* _TASK DESCRIPTION_
Which lines run from the line with "Kecag KC-806 Reproductor" through the line with "コジコジ ボンボンドロップシール 2種セットのサムネイル" in the entries below? Print them exactly, both ends included, and nothing more.

* _GIVEN ENTRIES_
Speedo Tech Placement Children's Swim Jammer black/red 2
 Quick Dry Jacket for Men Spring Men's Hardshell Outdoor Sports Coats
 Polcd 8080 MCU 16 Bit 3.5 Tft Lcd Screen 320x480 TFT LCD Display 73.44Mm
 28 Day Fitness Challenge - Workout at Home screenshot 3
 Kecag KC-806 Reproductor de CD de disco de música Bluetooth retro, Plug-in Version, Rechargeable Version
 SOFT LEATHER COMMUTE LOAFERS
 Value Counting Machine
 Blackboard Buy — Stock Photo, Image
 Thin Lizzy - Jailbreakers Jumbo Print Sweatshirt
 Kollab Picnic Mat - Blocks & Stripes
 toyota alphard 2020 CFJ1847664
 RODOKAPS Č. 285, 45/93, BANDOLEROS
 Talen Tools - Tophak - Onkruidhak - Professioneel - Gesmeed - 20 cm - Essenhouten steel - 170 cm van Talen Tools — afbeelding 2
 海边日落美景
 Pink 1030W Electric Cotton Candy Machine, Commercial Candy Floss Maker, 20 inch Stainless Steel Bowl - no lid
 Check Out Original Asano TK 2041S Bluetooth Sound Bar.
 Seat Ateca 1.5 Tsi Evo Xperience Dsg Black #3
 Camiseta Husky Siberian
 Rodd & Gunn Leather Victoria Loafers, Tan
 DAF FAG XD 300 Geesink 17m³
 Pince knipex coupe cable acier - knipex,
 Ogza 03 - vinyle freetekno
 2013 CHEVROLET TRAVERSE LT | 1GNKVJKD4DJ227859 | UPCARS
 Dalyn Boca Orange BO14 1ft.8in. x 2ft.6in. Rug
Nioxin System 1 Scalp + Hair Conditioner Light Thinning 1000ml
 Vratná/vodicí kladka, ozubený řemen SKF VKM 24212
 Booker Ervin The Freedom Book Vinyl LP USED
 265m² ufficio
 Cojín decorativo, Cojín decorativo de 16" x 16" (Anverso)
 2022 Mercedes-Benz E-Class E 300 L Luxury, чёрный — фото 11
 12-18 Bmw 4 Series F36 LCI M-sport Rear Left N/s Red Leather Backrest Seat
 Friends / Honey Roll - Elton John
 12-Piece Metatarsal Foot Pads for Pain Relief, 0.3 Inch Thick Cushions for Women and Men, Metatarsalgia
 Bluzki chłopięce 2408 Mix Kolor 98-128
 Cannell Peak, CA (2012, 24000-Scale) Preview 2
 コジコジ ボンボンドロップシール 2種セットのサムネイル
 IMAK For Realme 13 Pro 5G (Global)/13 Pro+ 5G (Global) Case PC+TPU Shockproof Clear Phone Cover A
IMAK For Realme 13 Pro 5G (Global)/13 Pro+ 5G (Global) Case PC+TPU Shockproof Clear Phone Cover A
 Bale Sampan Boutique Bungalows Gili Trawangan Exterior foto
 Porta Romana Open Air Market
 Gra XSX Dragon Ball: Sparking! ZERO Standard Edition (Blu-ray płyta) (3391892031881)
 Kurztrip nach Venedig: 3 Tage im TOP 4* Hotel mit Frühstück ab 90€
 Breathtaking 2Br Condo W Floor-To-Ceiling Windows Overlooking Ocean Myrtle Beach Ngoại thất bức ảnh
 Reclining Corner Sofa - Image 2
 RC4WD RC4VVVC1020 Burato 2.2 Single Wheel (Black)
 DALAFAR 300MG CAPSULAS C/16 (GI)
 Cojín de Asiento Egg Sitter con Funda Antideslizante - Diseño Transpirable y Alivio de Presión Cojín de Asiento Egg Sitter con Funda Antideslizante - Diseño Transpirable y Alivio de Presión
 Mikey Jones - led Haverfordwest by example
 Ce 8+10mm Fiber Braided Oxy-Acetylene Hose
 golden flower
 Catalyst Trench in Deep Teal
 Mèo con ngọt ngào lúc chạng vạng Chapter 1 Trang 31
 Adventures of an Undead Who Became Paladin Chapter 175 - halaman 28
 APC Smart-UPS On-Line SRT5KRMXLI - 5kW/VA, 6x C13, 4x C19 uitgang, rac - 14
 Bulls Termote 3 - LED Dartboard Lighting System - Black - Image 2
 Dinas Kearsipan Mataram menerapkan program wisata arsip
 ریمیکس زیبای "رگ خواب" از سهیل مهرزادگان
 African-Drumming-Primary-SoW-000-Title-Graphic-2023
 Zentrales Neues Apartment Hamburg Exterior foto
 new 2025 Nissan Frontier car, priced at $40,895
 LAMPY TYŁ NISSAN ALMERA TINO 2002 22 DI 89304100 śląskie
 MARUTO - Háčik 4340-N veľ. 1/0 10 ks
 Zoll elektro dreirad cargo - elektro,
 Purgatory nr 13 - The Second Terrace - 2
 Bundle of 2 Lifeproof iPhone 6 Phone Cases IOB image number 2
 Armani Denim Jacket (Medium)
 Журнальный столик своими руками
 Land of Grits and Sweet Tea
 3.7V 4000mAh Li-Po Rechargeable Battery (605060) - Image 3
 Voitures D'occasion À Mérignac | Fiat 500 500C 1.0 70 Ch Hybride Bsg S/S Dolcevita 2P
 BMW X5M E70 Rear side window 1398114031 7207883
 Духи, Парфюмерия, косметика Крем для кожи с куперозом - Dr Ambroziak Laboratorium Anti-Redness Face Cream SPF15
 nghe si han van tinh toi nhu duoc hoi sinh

* _RESULT FOR THIS TASK_
 Kecag KC-806 Reproductor de CD de disco de música Bluetooth retro, Plug-in Version, Rechargeable Version
 SOFT LEATHER COMMUTE LOAFERS
 Value Counting Machine
 Blackboard Buy — Stock Photo, Image
 Thin Lizzy - Jailbreakers Jumbo Print Sweatshirt
 Kollab Picnic Mat - Blocks & Stripes
 toyota alphard 2020 CFJ1847664
 RODOKAPS Č. 285, 45/93, BANDOLEROS
 Talen Tools - Tophak - Onkruidhak - Professioneel - Gesmeed - 20 cm - Essenhouten steel - 170 cm van Talen Tools — afbeelding 2
 海边日落美景
 Pink 1030W Electric Cotton Candy Machine, Commercial Candy Floss Maker, 20 inch Stainless Steel Bowl - no lid
 Check Out Original Asano TK 2041S Bluetooth Sound Bar.
 Seat Ateca 1.5 Tsi Evo Xperience Dsg Black #3
 Camiseta Husky Siberian
 Rodd & Gunn Leather Victoria Loafers, Tan
 DAF FAG XD 300 Geesink 17m³
 Pince knipex coupe cable acier - knipex,
 Ogza 03 - vinyle freetekno
 2013 CHEVROLET TRAVERSE LT | 1GNKVJKD4DJ227859 | UPCARS
 Dalyn Boca Orange BO14 1ft.8in. x 2ft.6in. Rug
Nioxin System 1 Scalp + Hair Conditioner Light Thinning 1000ml
 Vratná/vodicí kladka, ozubený řemen SKF VKM 24212
 Booker Ervin The Freedom Book Vinyl LP USED
 265m² ufficio
 Cojín decorativo, Cojín decorativo de 16" x 16" (Anverso)
 2022 Mercedes-Benz E-Class E 300 L Luxury, чёрный — фото 11
 12-18 Bmw 4 Series F36 LCI M-sport Rear Left N/s Red Leather Backrest Seat
 Friends / Honey Roll - Elton John
 12-Piece Metatarsal Foot Pads for Pain Relief, 0.3 Inch Thick Cushions for Women and Men, Metatarsalgia
 Bluzki chłopięce 2408 Mix Kolor 98-128
 Cannell Peak, CA (2012, 24000-Scale) Preview 2
 コジコジ ボンボンドロップシール 2種セットのサムネイル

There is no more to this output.